Original Title: The Great Expansion: A New Era of Consumer Software
Original Source: Olivia Moore, a16z Partner
Original Compilation: Leo, Deep Thinking Circle
Have you ever wondered why AI consumer products that have emerged in the past two years have been able to grow from zero to millions of users in less than two years, with annual revenue surpassing $100 million? This growth rate was almost unimaginable before AI. Superficially, this is because distribution is faster and average user income is higher. But I have found a deeper change that most people have overlooked: AI has completely transformed the revenue retention model of consumer software.
Recently, I read an analysis article by a16z partner Olivia Moore titled "The Great Expansion: A New Era of Consumer Software," in which she referred to this phenomenon as the "Great Expansion." I think she has captured a very crucial trend. Upon further contemplation of this point, I realized that this is not just a business model adjustment, but a fundamental transformation of the rules of the entire consumer software industry game. We are witnessing a historic turning point: consumer software companies no longer need to struggle with user churn but can rely on the continuous expansion of user value to achieve growth. The boundaries between the consumer market and the enterprise market are gradually becoming blurred.
The impact of this change is enormous. Traditional consumer software companies spend a significant amount of time and money each year replacing lost users just to maintain the status quo. And now, those companies that have seized the AI opportunity have found that each batch of users not only does not lose value but instead contributes more revenue over time. It's like going from a leaking bucket to a continuously expanding balloon, completely changing the growth pattern.
From this perspective, I personally believe that this is a huge opportunity for overseas companies, as consumer products can leverage PLG for growth and revenue, perfectly avoiding the weakness of Chinese teams in overseas SLG. While focusing on the enterprise market, the entire growth pattern is similar to that of consumer products. In this regard, I can relate personally, as my own project has been online for a month, offering a completely enterprise-oriented B2B Vibe coding product, but achieving good data feedback through PLG-driven customer acquisition growth.
Let's first review how consumer-grade software operated before AI. Moore in her analysis mentioned two main models, and I think her summary is very accurate. The first is the ad-driven model, mainly used for social applications, directly tied to usage, so usually the value per user is flat over time. Instagram, TikTok, Snapchat are all representatives of this model. The second is the single-layer subscription model, where all paying users pay the same fixed fee monthly or annually to access the product. Duolingo, Calm, YouTube Premium all follow this approach.

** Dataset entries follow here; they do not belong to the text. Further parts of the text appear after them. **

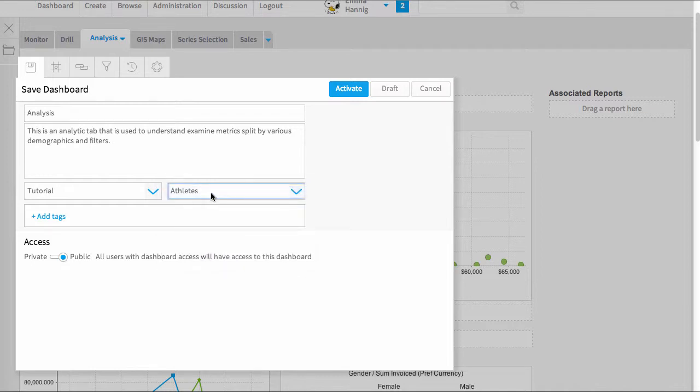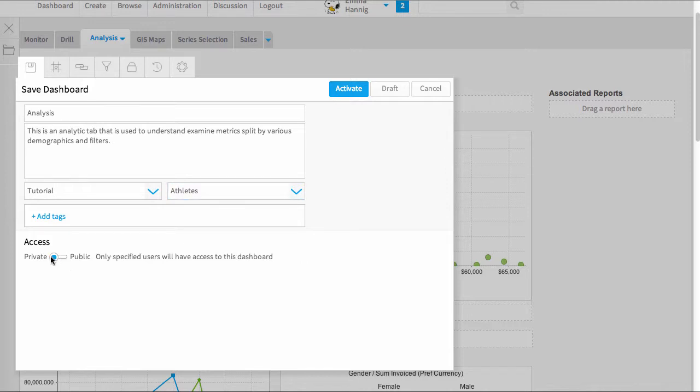So by saving it in there, only people with permission to see that category will be able to see this dashboard. I can also change the access of this report to be private or public. Private will mean that only people who I share this dashboard with will be able to see it.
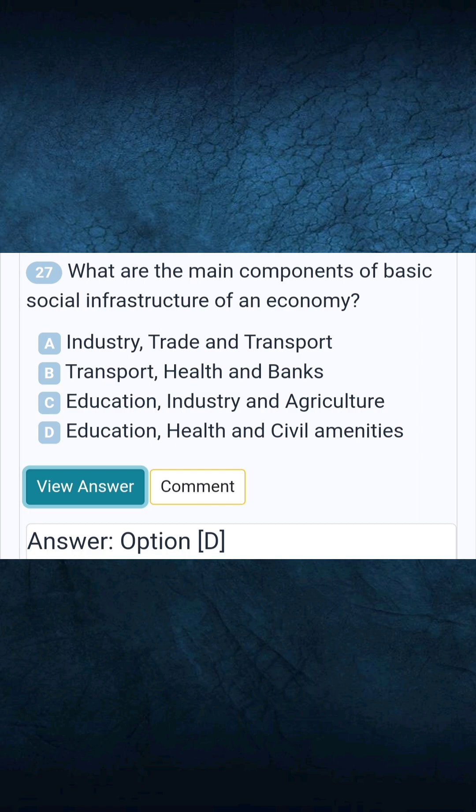Question 27: What are the main components of basic social infrastructure of an economy? Answer D: Education, health, and civil amenities.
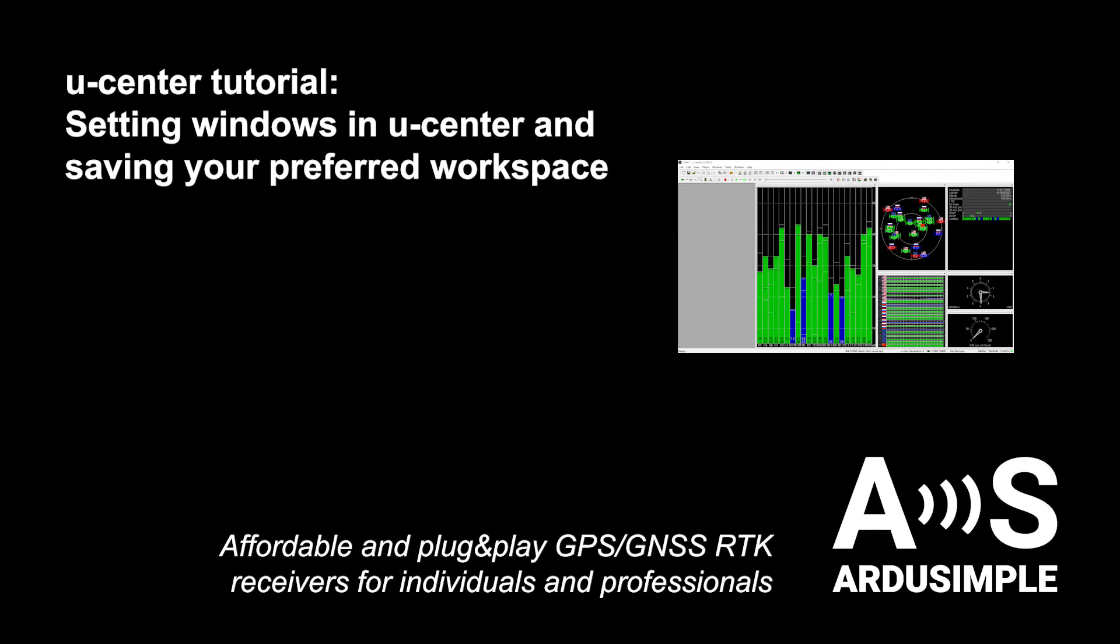Hi! In this video, I will show you where to find the different windows you can open in u-center, how to arrange those windows and set them as you prefer, and save the workspace you create.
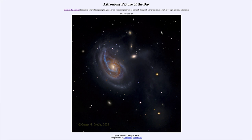That was our picture of the day for February 23rd of 2023, titled ARP 78, peculiar galaxy in Aries. We'll be back again tomorrow for the next picture, previewed to be Jones Emberson 1, so we'll see what that is about tomorrow. Until then, have a great day everyone and I will see you in class.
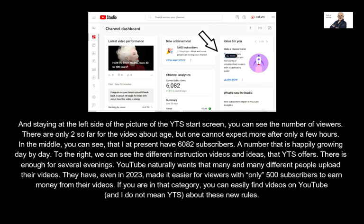YouTube naturally wants many and many different people to upload their videos. They have, even in 2023, made it easier for creators with only 500 subscribers to earn money from their videos. If you are in that category, you can easily find videos on YouTube about these new rules.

Under these two models, revenue retention is almost always below 100%. There is a certain percentage of user churn every year, while those who remain continue to pay the same amount. For consumer subscription products, being able to maintain a 30-40% user and revenue retention rate at the end of the first year is considered a "best practice." This number sounds quite despairing.
I have always felt that this model has a fundamental structural flaw: it creates a basic constraint where companies must consistently replace lost revenue to sustain growth, let alone expansion. Imagine if you have a leaking bucket, you not only need to continuously add water to maintain the water level but also add more than what leaks out to make the water level rise. This is the dilemma traditional consumer software companies face: they are trapped in an endless cycle of acquisition, churn, and reacquisition.
The issue with this model is not just numerical; it also affects the company's overall strategy and resource allocation. Most of the energy is spent on acquiring new users to compensate for churn, rather than deepening relationships with existing users or enhancing product value. This is why we see many consumer apps aggressively push notifications, employ various means to increase user stickiness because they know once a user stops using, the revenue immediately disappears.
I believe this model fundamentally underestimates the potential value of users. It assumes that the user's value is fixed, and once they subscribe to the product, the revenue they can contribute is capped. But in reality, as users become more familiar with the product, their needs often grow, and the amount they are willing to pay also increases. The traditional model has not captured the opportunity for this value growth.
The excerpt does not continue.